The law is clear on this point. The question that needs to asked is, whether this question raises a question of law, which question can be raised at any time including in the appeal process. I can do no better in answering this question than what was discussed in the case of Zimasco (Pvt) Ltd v Marikano 2014 (1) ZLR (S) wherein it was outlined thus:

‘It is settled law that a question of law can be raised at any time, even for the first time on appeal, as long as the point is covered in the pleadings and its consideration involves no unfairness to the party against whom it is directed.’

In Muskwe v Nyajina & Ors SC 17/12, the court stated the same principle thus;

‘’ Undoubtedly, a point of law can be raised at any time even though not pleaded. However, this is subject to certain considerations, one of which is that the court has to consider whether raising a point a point of law at this juncture would cause prejudice to the party against whom it is raised.’’

Clearly, the arbitrator erred in that, having found that the employee was a supervisor, he denied her the payment to which she was entitled. This was grossly unreasonable for the reason that, he

had already found as a matter of fact that the employee was employed as a supervisor. It is clear that, having found this, the court a quo was enjoined to consider and grant the statutory amount which was payable to the appellant in the cross appeal.

The amount was clearly ascertainable. The error made can be interfered with by this court. The statutory amount that a supervisor was supposed to be paid was US $282-00. Instead, she was being paid US$180-00. She has to be paid the amount by which she was being underpaid which is USD 282 less USD180 equals USD102 multiplied by ten months equals USD1020

Before the arbitrator parties were ad idem that the underpayment was for 10 months. However, before this court the employer changed position and submitted that, if it were to be found liable for payment of the underpayment claim it would only be liable for two months.

The law is clear that a party cannot approbate and reprobate at the same time. See The Trustees for the time being of Cornerstone Trust and 2 others v NMB Bank Limited SC 97/21. The court therefore, finds that the employee was underpaid for 10 months, the period which parties submitted before the arbitrator.

DISPOSITION

In view of the fact that, the two grounds of appeal raised in the main appeal lack merit, the court dismisses the appeal for want of merit. Each party shall bear its own costs.
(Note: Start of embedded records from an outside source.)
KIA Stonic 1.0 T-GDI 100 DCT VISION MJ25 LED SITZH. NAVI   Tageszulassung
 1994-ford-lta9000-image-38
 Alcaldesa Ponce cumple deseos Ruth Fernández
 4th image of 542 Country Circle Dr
For the cross appeal, this court makes a finding that, the court a quo erred in not awarding the employee the amount for the supervisor grade which she belonged to. That error ought to be corrected. In the result the court orders as follows:

The cross appeal being merited it be and herby succeeds.

The paragraph in the arbitral award dismissing the claim of underpayment of wages be and is hereby set aside, in its place, the claim for underpayment of salaries succeeds with each party bearing its own costs.

The employer is ordered to pay the employee underpayment of salaries in the sum of USD $1 020- 00 or its equivalent ZiG amount on the date of payment.